I understood your point the first time. I'm talking about the leap made between the article's contents and the headline.
Edit: we might mean somewhat different things by 'suffering'. I'm talking about an experience usually (but not always) concomitant with pain that can be measured objectively. Is there such a thing? Can it be measured? I don't know for sure. I feel that it must be there in fish too, but the shallow conflation in this article of suffering and seeming-to-act-under-suffering is a problem for me.
It's a difficult line to place, for instance is pain avoidance plus memory enough? If I imagine a fish thinking "I can't do that again" that certainly looks like sentience, but the resulting behavior (avoidance) can occur without sentience, it seems.
Is something like that been demonstrated in other animals?
I stopped eating meat after stories last summer highlighted people eating dog at a festival in China.
I was very upset, and mad, but then I asked myself, why was eating dog so upsetting? The dogs eaten in China were much less abused than any animal eaten in the US. We have industrialized the slaughter of animals.
Either I am OK with dogs being eaten, or I am not OK with the industrialized slaughter of every other animal.
I still love the smell of meat. I remember the things I loved to eat, and it's a struggle, but we (many of us at least) live in a world where we don't need to imprison and eat animals to sustain our lives.
With all that said, I don't expect anyone else to feel the same way. We're slaughtering animals constantly, and I don't have any expectation that anyone stop eating animals.
I resolved the cognitive dissonance by actually eating dog on a trip to South Korea.
Choosing not to eat meat doesn't really resolve all the problems. Not that eating dog does. But, for example, on a recent walk through Golden Gate Park I noticed signs that referred to "dog guardians" rather than "dog owners". I found that interesting. I neither agree nor disagree with that terminology, but it just goes to show that the issue isn't a binary matter of choosing to eat or not eat animals.
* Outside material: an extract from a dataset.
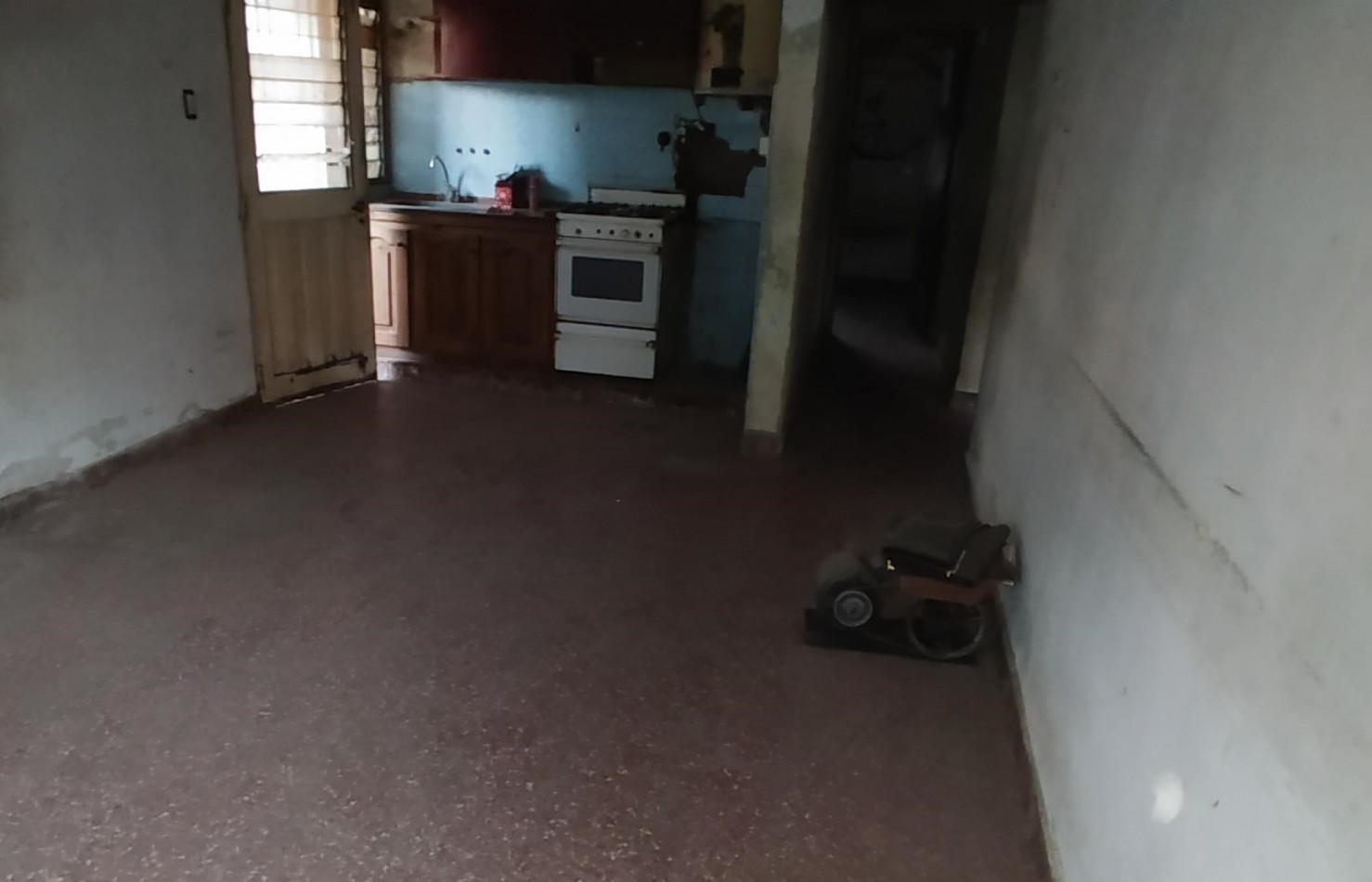 OCASION  !  NO APTA CREDITO casa c/ galpon, techo de losa, lote 8.66x29, 4 amb, baño, 3 dorm, e/ auto, 1 Cdra. de 2 Avenidas, Vs. transportes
I've been eating much less meat lately, for various reasons. But I tend to think that by choosing to be vegan some people are taking the easy way out--in the present sociocultural environment being vegan is our "get out of jail free card" in terms of dealing with the issue of humane treatment of animals. But without a more sophisticated and nuanced line drawing, it's a facile choice. Eating animals is only one dimension among many in regards to their humane treatment. And in some respects it's the least interesting and even the least harmful.
You're missing the point. Cognitive dissonance is only to point that people are not entirely rational.
For most people I know, they are vegetarian or vegan because of ethics, not to be more rational with their choices. If there are any other "better" choices to do by all means go ahead. People should do what they think its best, not just talk.
And if you think they are getting a "get out of jail free card", give it a try for a week and see how hard it is.
By "easier" I meant in terms of ethics, not in terms of effort. But neither did I mean to imply that it's necessarily a cop-out to go vegan, or that people aren't making a sincere and challenging choice to do so.
But consider that the poster said, more-or-less, that he couldn't even _fathom_ eating dog. It was just totally repugnant. And so to resolve his cognitive dissonance regarding his inability to differentiate eating dog meat from other meat, he decided to go vegan. In some minor but meaningful sense, that's the easy way out.
Once upon a time I couldn't fathom eating dog meat, either. My point is that people assume that the _obvious_ ethical choice is to just go meatless. But do they ever even consider the polar opposite choice? I made a choice to explore and better understand my cultural prejudices by choosing to eat dog meat. How can we ever evolve our sense of what humane treatment is until we better understand our traditional as well as contemporary relationship with animals, including our inherent biases?
If eating dog is viscerally repugnant, but eating a pig or cow is merely intellectually troubling, by going vegan you've done nothing to resolve a substantial aspect of your relationship to animals.
There are many other aspects to going vegan, and I'm not criticizing veganism per se. I'm simply pointing out that it's an _incomplete_ choice in itself. Eating dog is also incomplete--perhaps much more incomplete. But if you can't even fathom it as an option--if your cultural prejudices are so strong that you can't even fathom they're a product of your unique cultural upbringing, rather than some divine hint to go vegan--how could you ever expect to have an objective perspective about the issue?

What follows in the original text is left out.